Section 6LA corresponds with section 6HA (which is being inserted in the Principal Act by clause 5), varying from it only so as to reflect the consequential change in the rates of tax and "shading-in" ranges that flow from the reduction, from 33.07 per cent to 32 per cent, in the standard rate of tax for 1980-81 and subsequent years.

Clause 9: Limitation on tax payable by certain trustees

This clause will amend section 6M of the Principal Act, which will apply in relation to the 1980-81 and subsequent financial years, by omitting sub-sections (1) and (2).
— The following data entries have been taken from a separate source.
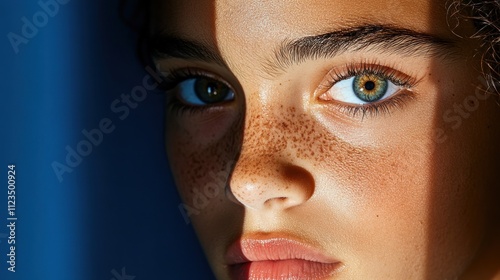 Reflective Serenity: Young Woman in Introspective Glow Amidst Warm Lighting and Moody Background photo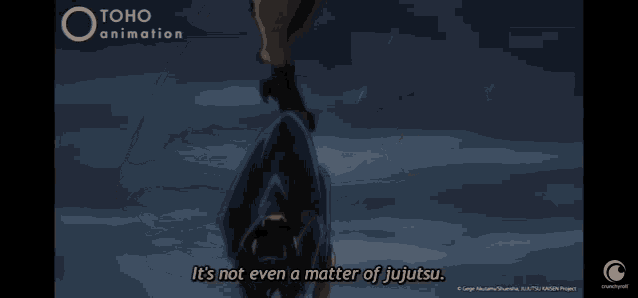 a screenshot from toho animation shows a person walking in the rain and says it 's not even a matter of jujutsu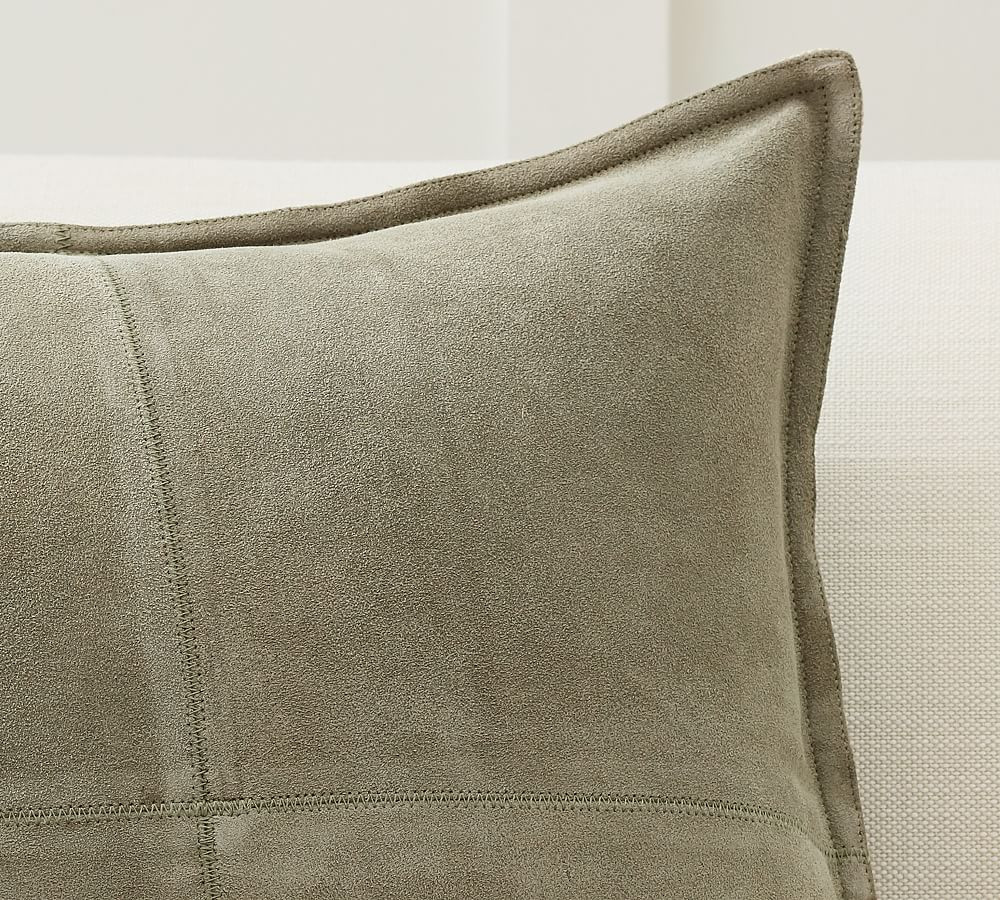Pieced Suede Pillow | Pottery Barn (US)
This amendment corresponds with the amendment that is being made to section 6J, in relation to the 1979-80 year, by clause 6. For the reasons explained in the notes on that clause, sub-sections (1) and (2) of section 6M will be redundant following the introduction of the new system.
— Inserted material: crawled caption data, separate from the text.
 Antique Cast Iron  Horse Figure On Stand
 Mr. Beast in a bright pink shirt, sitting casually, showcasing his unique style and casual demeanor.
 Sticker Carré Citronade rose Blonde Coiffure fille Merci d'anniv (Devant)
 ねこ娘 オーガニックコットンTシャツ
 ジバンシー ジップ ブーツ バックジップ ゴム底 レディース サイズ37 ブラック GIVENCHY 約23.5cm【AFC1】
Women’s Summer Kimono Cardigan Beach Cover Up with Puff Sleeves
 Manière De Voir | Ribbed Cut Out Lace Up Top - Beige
Clause 10: Operation of sections 6C and 6F

The amendment being made by this clause is consequential upon the omission, by clause 6 and clause 9, of sub-sections 6J(1) and (2) and sub-sections 6M(1) and (2) from the Principal Act. This clause will delete the reference in section 7A of the Principal Act to those sub-sections.

Clause 11: Indexation

This clause amends the definition of "relevant amount" in sub-section 9(1) of the Principal Act, which operates to fix the amounts in the Principal Act that are subject to indexation. The existing definition covers any of the amounts that constitute the income steps in the general scale of rates set out in Schedule 17 and the amount of $3,893 specified in paragraph 3(a) and in paragraph 3(b) of Part II of Schedule 18.
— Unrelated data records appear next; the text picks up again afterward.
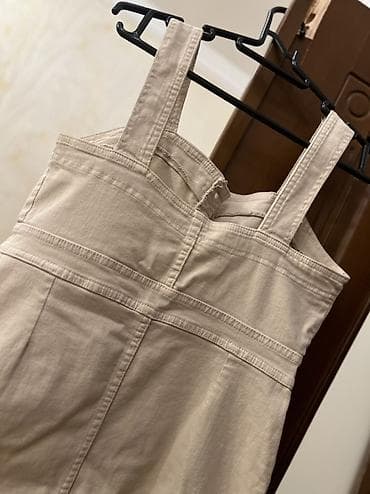 donları: Bej rəngli daş yuma effektli sarafan/kimono tipli don - Model: qalın — 4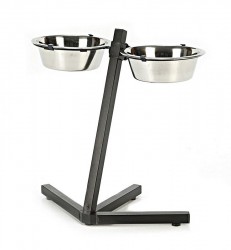 SUPPORT PORTE GAMELLES D'ANGLE POUR MOYEN/GRAND CHIEN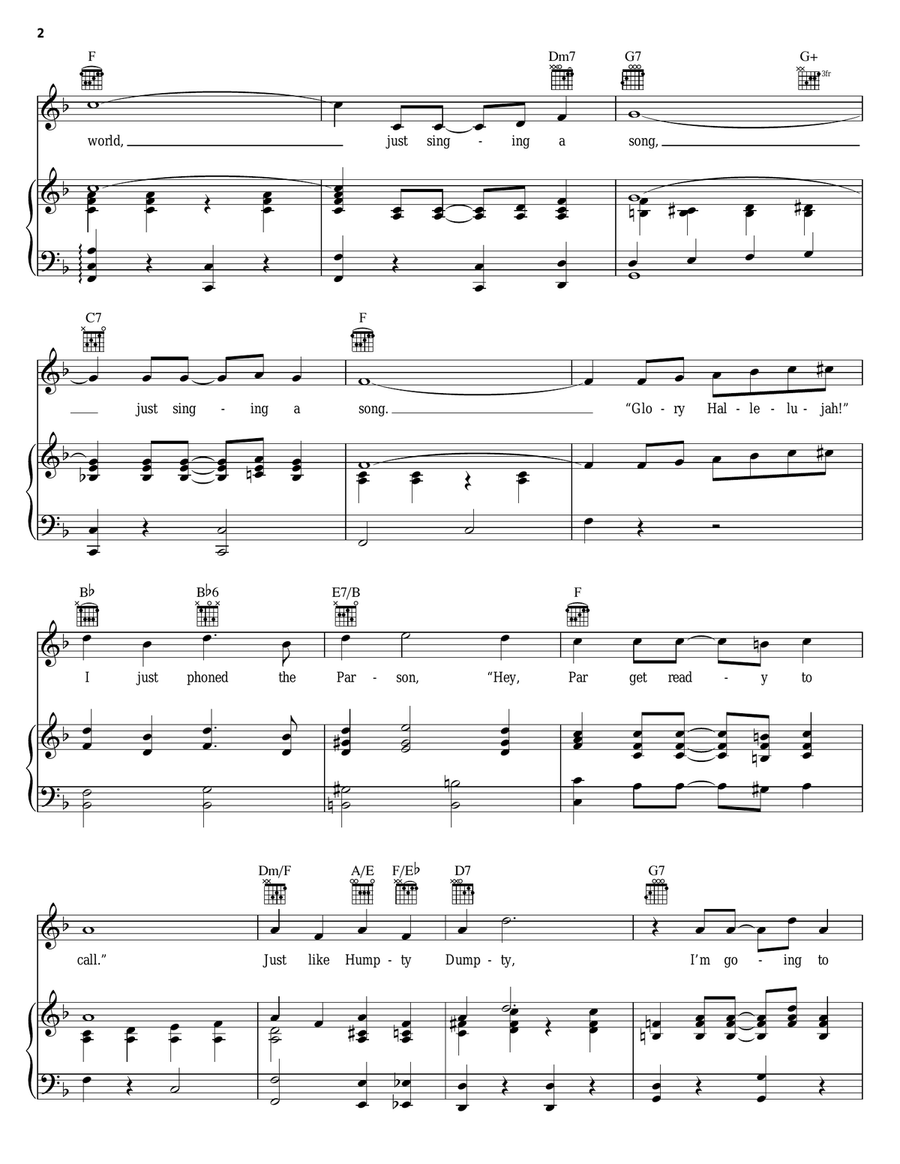 I'm Sitting On Top Of The World Piano, Vocal, Guitar scores gallery preview page 2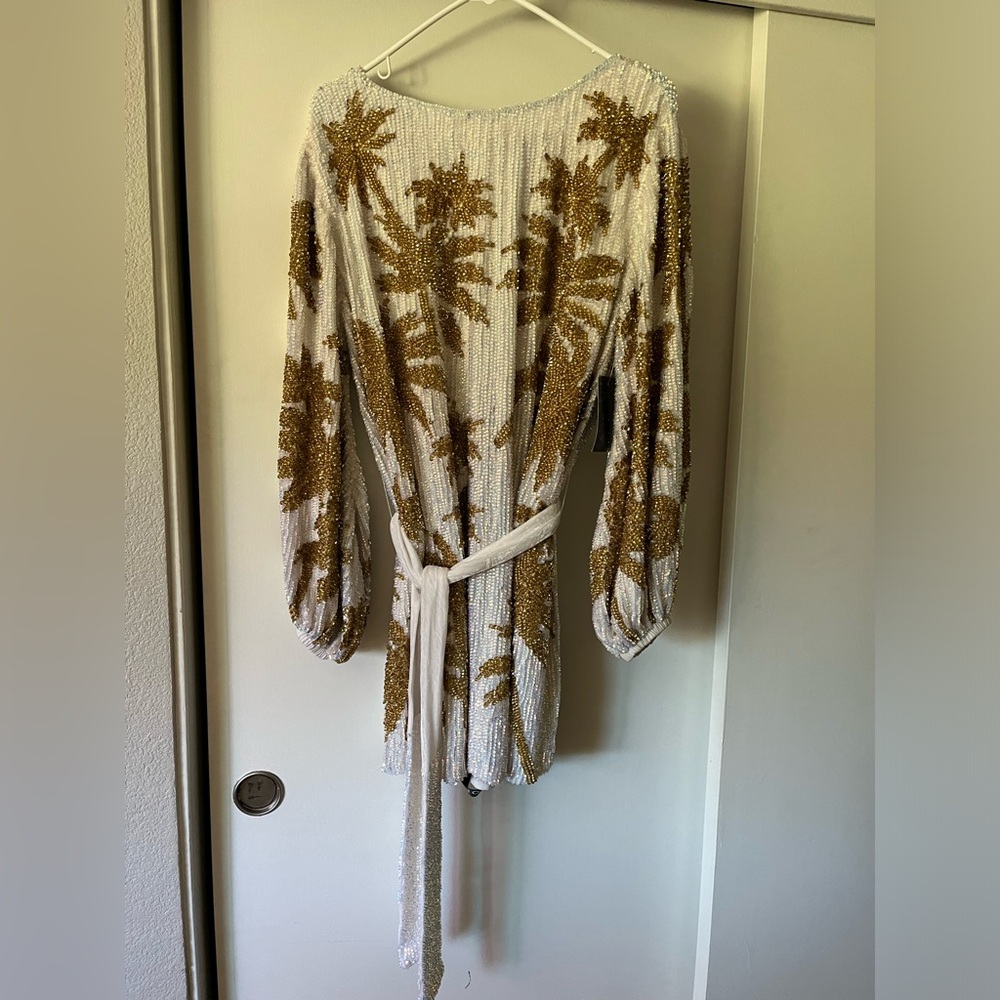 Retrofete Grace Palm Sequin dress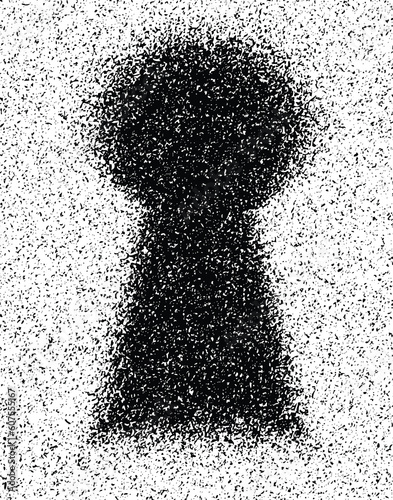 Editable vector illustration of grunge in a keyhole shape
This clause will expand the definition to include, in addition to those amounts, the amounts of $3,893 and $16,608 specified in sub-paragraph 2(b)(ii) of Part III of Schedule 18 and in paragraph 2(b) of Schedule 20 to the Principal Act, and the amount of $33,216 specified in paragraph (b) of Schedule 21 and in paragraph (b) of Schedule 22.

The amounts of $3,893 and $16,608, where they are specified in Schedules 18 and 20, are part of the definition in those Schedules of the range of income in the general scale of rates in Schedule 17 to which the standard rate of tax applies. Accordingly, those amounts would be changed following indexation of the general scale of rates and the amendment proposed by clause 11 will make it clear that these amounts are to be indexed too.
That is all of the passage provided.